Bair clarifies: “By metabolizing the sugar substitute, your body actually turns it into sugar, which can be stored and eventually turned into fat.”
An astonishing revelation if accurate, but it’s not. Viewers were left with the disturbing notion that three cans of diet cola containing aspartame might just be the same as three bags of M&M’s.
This rap against aspartame, the leading artificial sweetener in a market of four approved products that includes saccharin, sucralose, and acesulfame K, is not new. The Internet is replete with allegations of health threats, most of which date to the legendary Nancy Markle letter that was originally posted, linked, and emailed around the world in 1995. In it, Markle, who has never been identified, connects aspartame to a host of medical conditions. Typical is the statement: “There are 92 documented symptoms of aspartame, from coma to death. The majority of them are all neurological, because the aspartame destroys the nervous system.”
The Markle letter is widely considered the catalyst for a sustained movement that has directly and indirectly fueled considerable media attention, public policy decisions, medical opinion and ultimately, consumer behavior over the last decade. The impact has been felt throughout the artificial sweetener market, which has several new approvals pending. The stakes are high. More than 144 million American adults regularly consume low-calorie, sugar-free products, according to the nonprofit trade organization, the Calorie Control Council. The oldest artificial sweetener is saccharin, 300-500 times sweeter than sugar, which was discovered in 1879. Because it is relatively stable at high temperatures, and inexpensive to manufacture, saccharin has been widely used as a sugar substitute since in the 1950s. In 1977, the Food and Drug Administration initiated a warning label policy in light of inconclusive evidence that the sweetener might cause cancer in high doses. The labeling requirement was rescinded in 2000 when the U.S. Dept. of Health and Human Services released its National Toxicology Report on Carcinogens, which removed saccharin from its list of cancer-causing substances.
The only knock against saccharin presently is its bitter, metallic aftertaste. This property was the reason for aspartame’s quick ascendancy as the number-one-selling low-calorie sweetener soon after its approval in 1981. It is 180 times sweeter than sugar, but breaks down under high temperatures. For that reason, aspartame is most widely used in beverages and tabletop packets.
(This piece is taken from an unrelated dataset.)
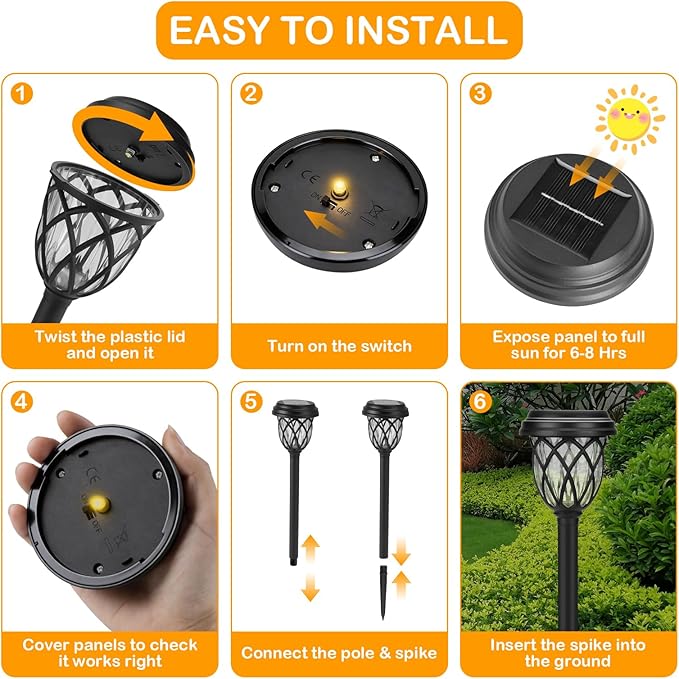Solar Lights Outdoor 8 Pack Solar Garden Lights Waterproof IP65 Solar Landscape - Image 3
It also has been the most widely studied artificial sweetener, especially in light of the intense criticism it received in the mid-1990s.
The market again expanded in 1988 with the approval of Nutrinova, Inc.’s acesulfame K (Sunett®), which is 200 times sweeter than sugar. It holds up to heat, but has some bitterness. It is used in foods such as gum, powdered drink mixes, tabletop packets (Sweet One), puddings and bake mixes, and yogurt.
The newest approved artificial sweetener is sucralose, 600 times sweeter than sugar. It is non-bitter and approved for use in soft drinks, bakery products, candy, and tabletop packets. It was approved in 1998, with sales initiated by Johnson & Johnson under the Splenda brand in 1999.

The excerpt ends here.